# [Task]
A word-for-word copy of the entries is needed, and it should contain no images.

(Saved entries)
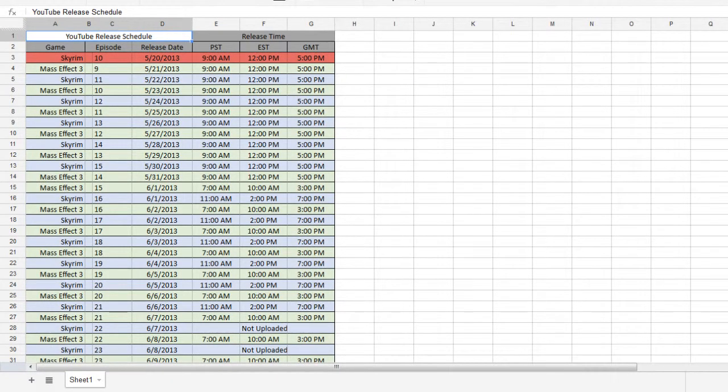I may make an hour and a half to two hour long video and post it on Tuesday and then an hour and a half to two hour long video of the other game on Thursday. And then just have one of each per week.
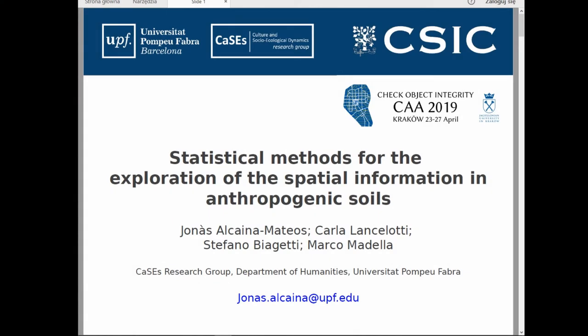Good morning, thanks to the organizers. My name is Jonathan Caino and I'm a PhD student of Cassius Research Group at UPF in Barcelona. The issue we are going to discuss in this presentation is the use of spatial statistical methods in the context of anthropogenic soil information. The method discussed will be applied to an ethno-archaeological case of study.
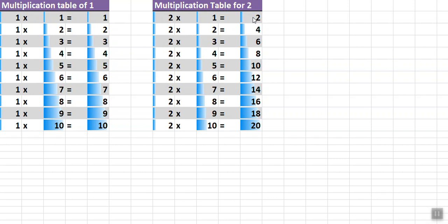In the next video I will show the table of 3 and 4. Thanks for watching this video.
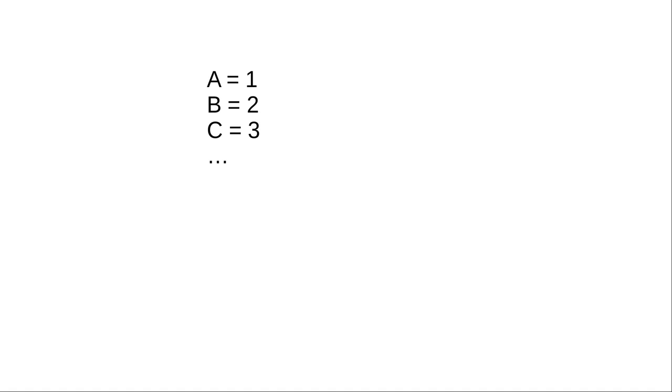Remember in grade school when you had a simple code for passing secret messages, where A became 1, B became 2, C became 3, and so on? That's the idea. We set up a numeric correspondence for each character.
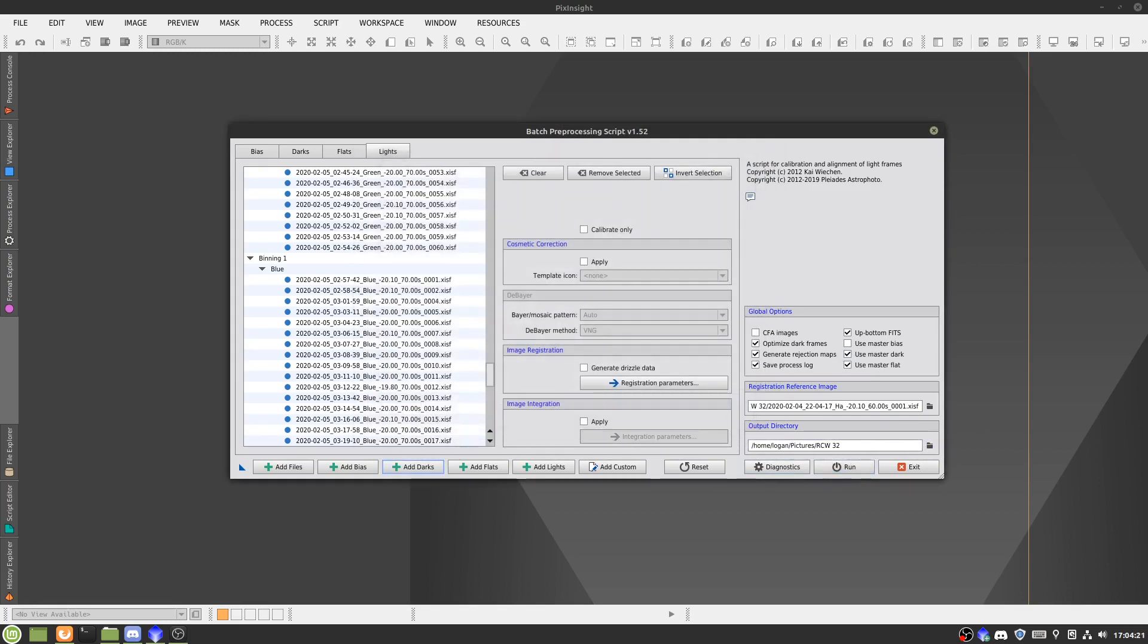This will take about 15, 10, 15 minutes, depending on how fast your processor is.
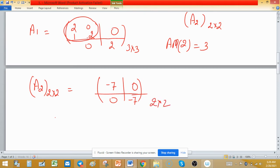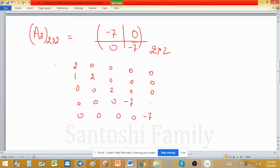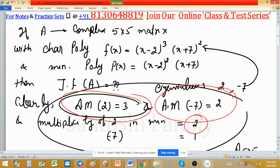Putting it together: A1 is the 3×3 block with 2, 1, 0 / 0, 2, 0 / 0, 0, 2, and A2 is the 2×2 block with -7, 0 / 0, -7. Combined, this gives the full 5×5 Jordan matrix of A.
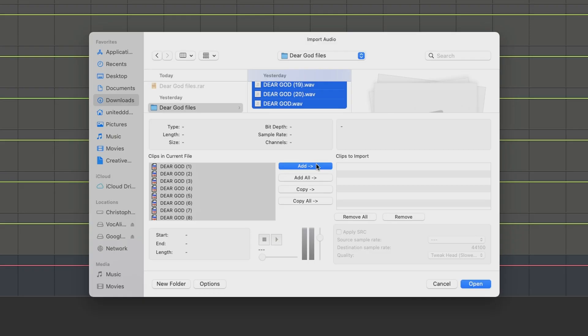So you just got the individual multi-tracks from your client and you're not really sure how to import that stuff inside of Pro Tools? Keep on watching this video.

# [Solution for this exercise]
I may make an hour and a half to two hour long video and post it on Tuesday and then an hour and a half to two hour long video of the other game on Thursday. And then just have one of each per week.
Good morning, thanks to the organizers. My name is Jonathan Caino and I'm a PhD student of Cassius Research Group at UPF in Barcelona. The issue we are going to discuss in this presentation is the use of spatial statistical methods in the context of anthropogenic soil information. The method discussed will be applied to an ethno-archaeological case of study.
In the next video I will show the table of 3 and 4. Thanks for watching this video.
Remember in grade school when you had a simple code for passing secret messages, where A became 1, B became 2, C became 3, and so on? That's the idea. We set up a numeric correspondence for each character.
This will take about 15, 10, 15 minutes, depending on how fast your processor is.
Putting it together: A1 is the 3×3 block with 2, 1, 0 / 0, 2, 0 / 0, 0, 2, and A2 is the 2×2 block with -7, 0 / 0, -7. Combined, this gives the full 5×5 Jordan matrix of A.
So you just got the individual multi-tracks from your client and you're not really sure how to import that stuff inside of Pro Tools? Keep on watching this video.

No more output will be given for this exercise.